The term "suburb" became less and less useful in describing what was taking place on the urban fringe. The former bedroom communities that provided workers for the central cities were increasingly self-sufficient, attracting a bulk of the new jobs and many new business establishments, as well as cultural and recreational activities once reserved for downtown. By the 1980s, many former suburbs no longer depended on core cities. Commentators and scholars began to replace the old notion of suburbia with newer ideas—out towns, mall-towns, edge cities, and technoburbs.

From the mid-1930s onward, suburban communities themselves underwent physical changes and increasingly were planned, as Michael Berger suggested, “with the assumption that the car would be the major mode of transportation for their inhabitants.” The new highways as well as other technologies—septic tanks, longer range electrical transmission lines, and power-driven water pumps—made it practical for developers to buy up farmland for new subdivisions at great distances from metropolitan centers. Newer suburban communities also were designed for automobiles with stores, schools, churches, and recreational and cultural centers geared toward motorized transportation, not pedestrians—drive-in markets, drive-in movies, drive-in churches.

To the growing number of roadside businesses servicing the motorist was added the migration of retailers, office buildings, and industry away from the core to the periphery. Businesses migrated from central cities because of the deterioration of the cores, changes in the economic climate, the “greener pastures” that development along the urban periphery offered, and population shifts from rustbelt to sunbelt cities. In the 1930s, for example, Los Angeles’s downtown housed 75 percent of all retail trade; in the 1960s, only eighteen percent. By the end of the 1990s, two-thirds of all office space in the United States was located along the suburban fringe. The most dramatic changes took place in metropolitan areas, where suburban populations were the greatest and thus able to encourage business migration. In small cities whose population largely remained within the city limits, retail businesses often were more stable. The relocation of industry followed different patterns than retail business, and migration could be motivated by forces in addition to shifting demographic patterns or changes at the core. New industrial technologies sometime required more space—or different kinds of space—than core cities could offer. In some instances, businesses were able to purchase enough land to produce “landscrapers” instead of “skyscrapers.” Ameritech’s headquarters near O’Hare Airport outside of Chicago, for example, is more than one-half mile long. The impact of motor transport also favored decentralization of industry, since the new road systems allowed manufacturers to move freight by truck (and airplane) rather than by rail.

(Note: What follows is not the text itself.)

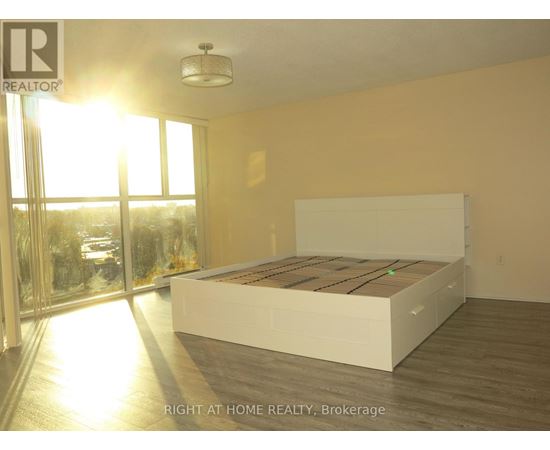 A bedroom with a large bed and a view of the outside through a glass door.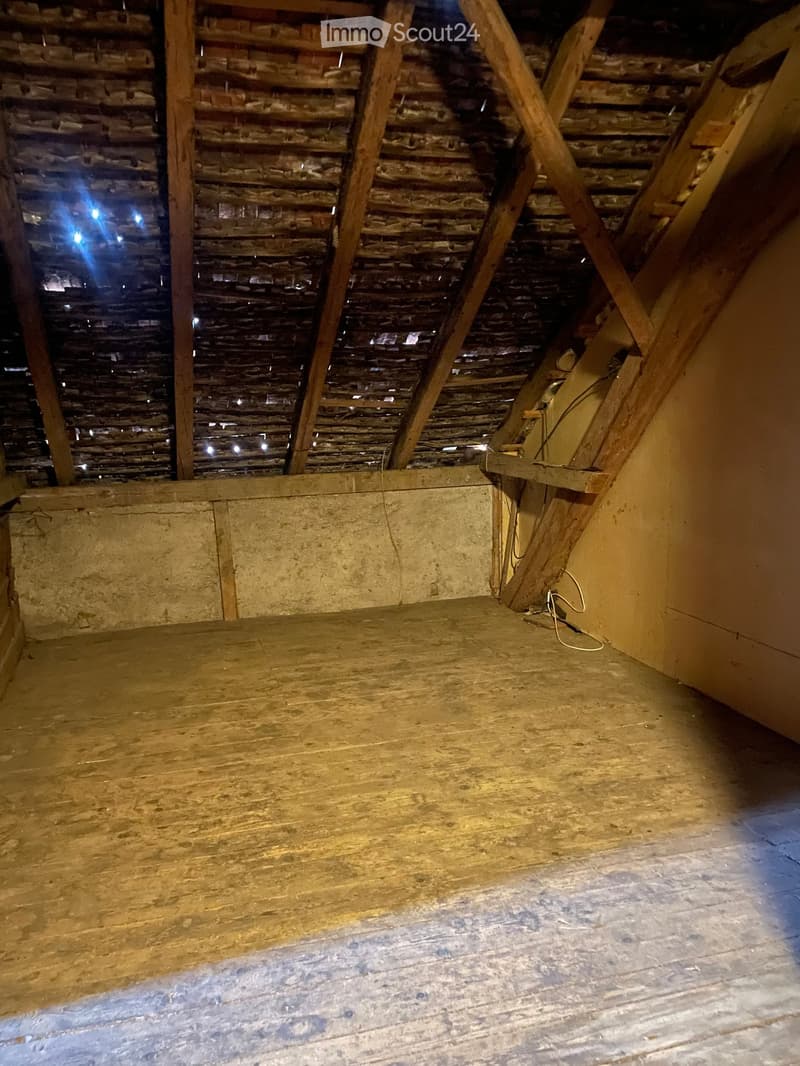 Empty attic space with wooden floor, exposed wooden beams, and brick walls. No furniture or equipment present.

New shopping centers were automobile friendly, and the appearance of shopping malls with ample parking represented a clear commitment to motorized traffic by providing a concentration of shops on a scale only accessible by vehicles especially in areas where there was an absence of a commercial main street. The earliest shopping centers outside central business districts, such as the pioneering suburban shopping district in the Kansas City area, were built in the 1920s. There were, however, only eight of these centers in the whole country by the end of World War II. By 1970 the number had risen to an astonishing 4,000. Some older downtown department stores had been gigantic—Macy’s and Gimbles in New York, Marshall Field in Chicago, Foley’s in Houston—but in the newer suburban communities even grocery stores expanded impressively. The typical supermarket in the 1990s was around 60,000 square feet, with discount stores more than twice that size.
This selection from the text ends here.